This is the payoff for Stage 2. You will re-derive every list operation you’ve written — using
only foldl as the engine.
foldl recap (standalone): consumes a list by updating an accumulator left-to-right.
def foldl(f, init, xs):
if xs == []:
return init
return foldl(f, f(init, xs[0]), xs[1:])
foldl(f, init, [a, b, c]) expands to f(f(f(init, a), b), c). The combining function f takes
(acc, element) and returns the new accumulator. The init is the starting accumulator.
Implement each of the following using only foldl — no recursion of your own, no built-ins
beyond basic arithmetic and list concatenation.

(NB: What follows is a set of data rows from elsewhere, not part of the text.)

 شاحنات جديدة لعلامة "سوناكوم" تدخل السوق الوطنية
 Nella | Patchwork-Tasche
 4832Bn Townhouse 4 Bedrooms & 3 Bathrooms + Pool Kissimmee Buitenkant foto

Part 1 — my_sum and my_product
my_sum([1, 2, 3, 4]) # 10
my_product([1, 2, 3, 4]) # 24
my_sum([]) # 0
my_product([]) # 1
What is the correct init for each? (If you get this wrong, the empty-list case reveals it.)
Part 2 — my_map_via_fold
my_map_via_fold(lambda x: x**2, [1, 2, 3]) # [1, 4, 9]

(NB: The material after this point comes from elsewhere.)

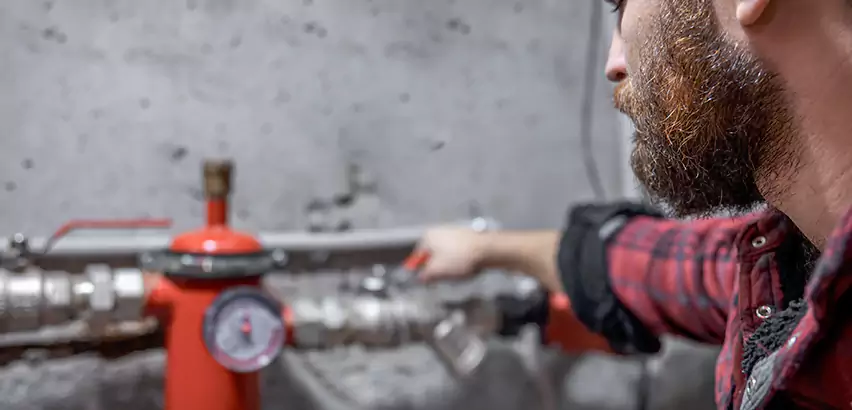 Gas Line Repair in Hauppauge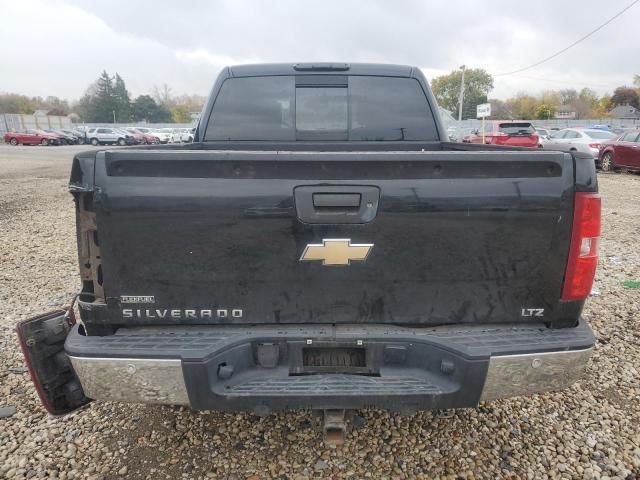 Photo 6 from auction – 2008 CHEVROLET SILVERADO with VIN 3GCEK13308G292073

The combining function must build up a list. What is init? What does f(acc, x) return?
Part 3 — my_filter_via_fold
my_filter_via_fold(lambda x: x % 2 == 0, [1, 2, 3, 4, 5]) # [2, 4]

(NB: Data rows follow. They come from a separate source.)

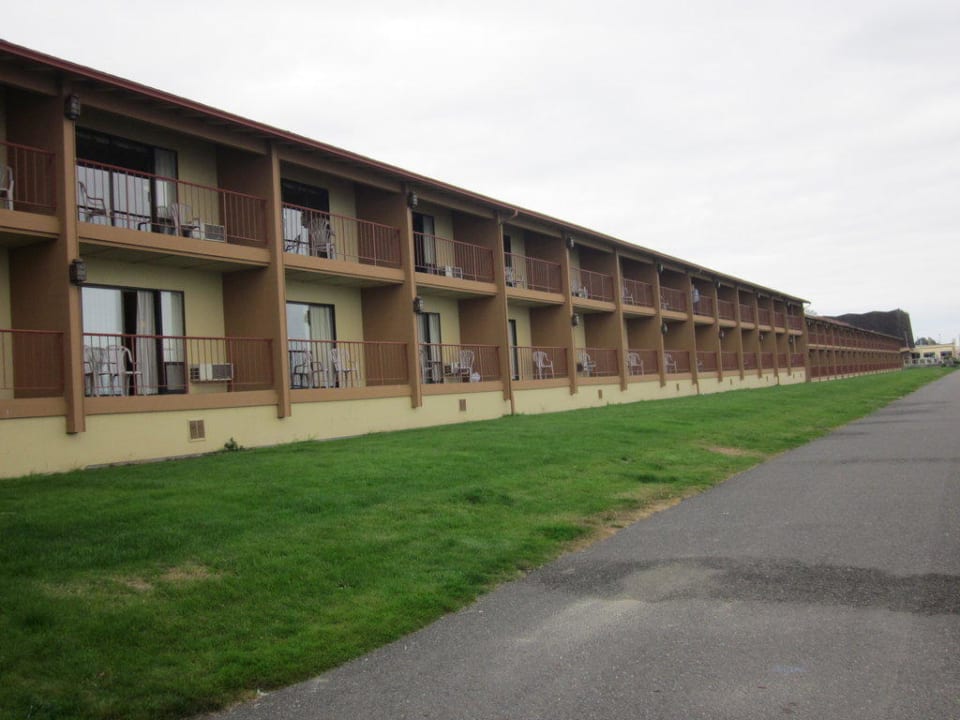 Das Hotel von außen Red Lion Hotel Port Angeles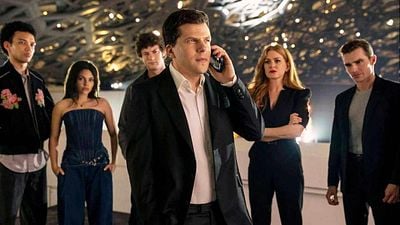 image de la news Insaisissables 3 au box-office France : quel démarrage pour le retour des célèbres magiciens emmenés par Jesse Eisenberg ?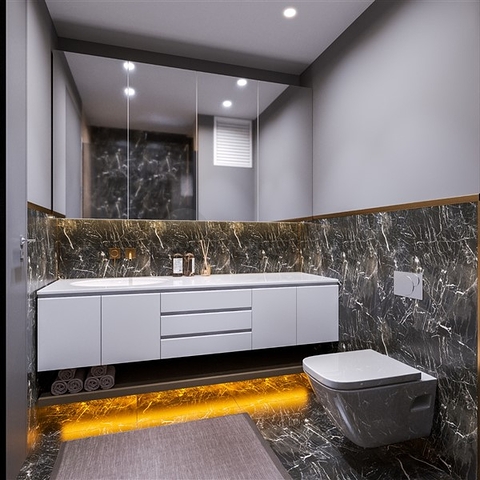 New residential complex in Tomyuk district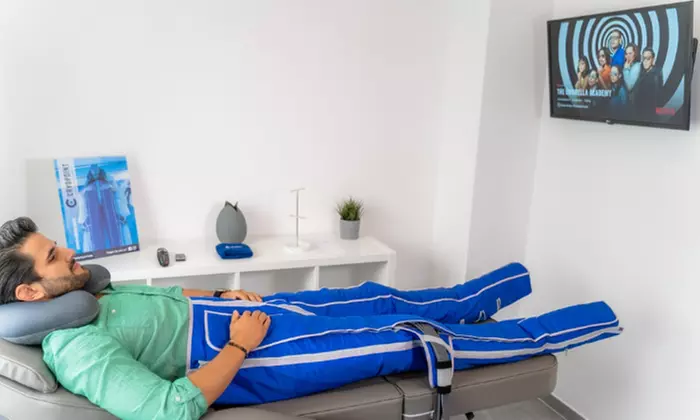 BOA Lymph-Massage bei Cryopoint Karlsruhe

The combining function must decide per-element whether to include it.
Part 4 — my_reverse_via_fold
my_reverse_via_fold([1, 2, 3]) # [3, 2, 1]
This one is tricky. Think about where each element must go relative to the accumulator. A fold processes left-to-right; how can prepending to the accumulator reverse the order?
Stretch — my_flatten_via_fold
my_flatten_via_fold([[1, 2], [3, 4], [5]]) # [1, 2, 3, 4, 5]
(One level of nesting only — not arbitrary depth.) What does f(acc, sublist) look like?